— Assignment —
Once the images are set aside, print the remaining lines below exactly.

— Provided data —
++++++++++
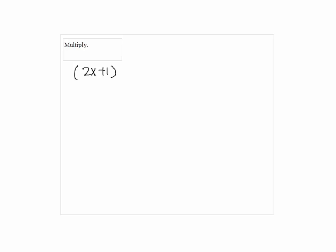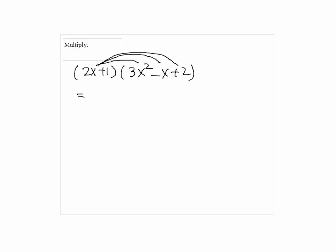Multiply: 2x plus 1 times 3x squared minus x plus 2. First, we're going to multiply 2x to each term in the second parenthesis. So, 2x times 3x squared is 6x cubed, minus 2x times x is 2x squared.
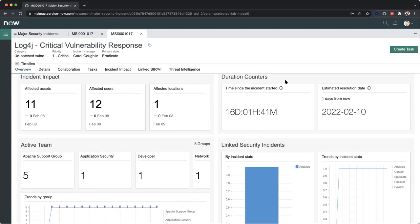On the right, we have our duration counters. This ties back to your SLAs, time since the incident started, and our time to resolution date. So one day from now, we should have all of these affected assets, users, patched and ready to go.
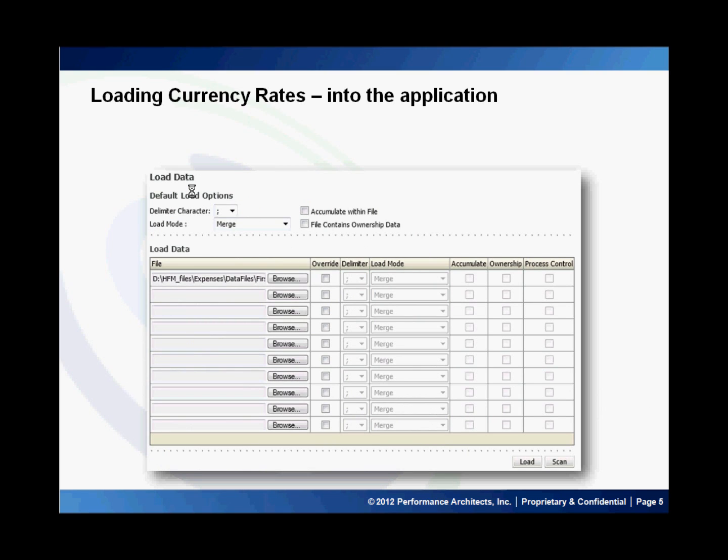And then of course we mention the rate itself. To load the currency rates, we load it just like we load any other data file in the application in the load data task section. We can choose to scan the file before we load, and then we load the file to the application.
++++++++++
— Answer for this exercise —
Multiply: 2x plus 1 times 3x squared minus x plus 2. First, we're going to multiply 2x to each term in the second parenthesis. So, 2x times 3x squared is 6x cubed, minus 2x times x is 2x squared.
On the right, we have our duration counters. This ties back to your SLAs, time since the incident started, and our time to resolution date. So one day from now, we should have all of these affected assets, users, patched and ready to go.
And then of course we mention the rate itself. To load the currency rates, we load it just like we load any other data file in the application in the load data task section. We can choose to scan the file before we load, and then we load the file to the application.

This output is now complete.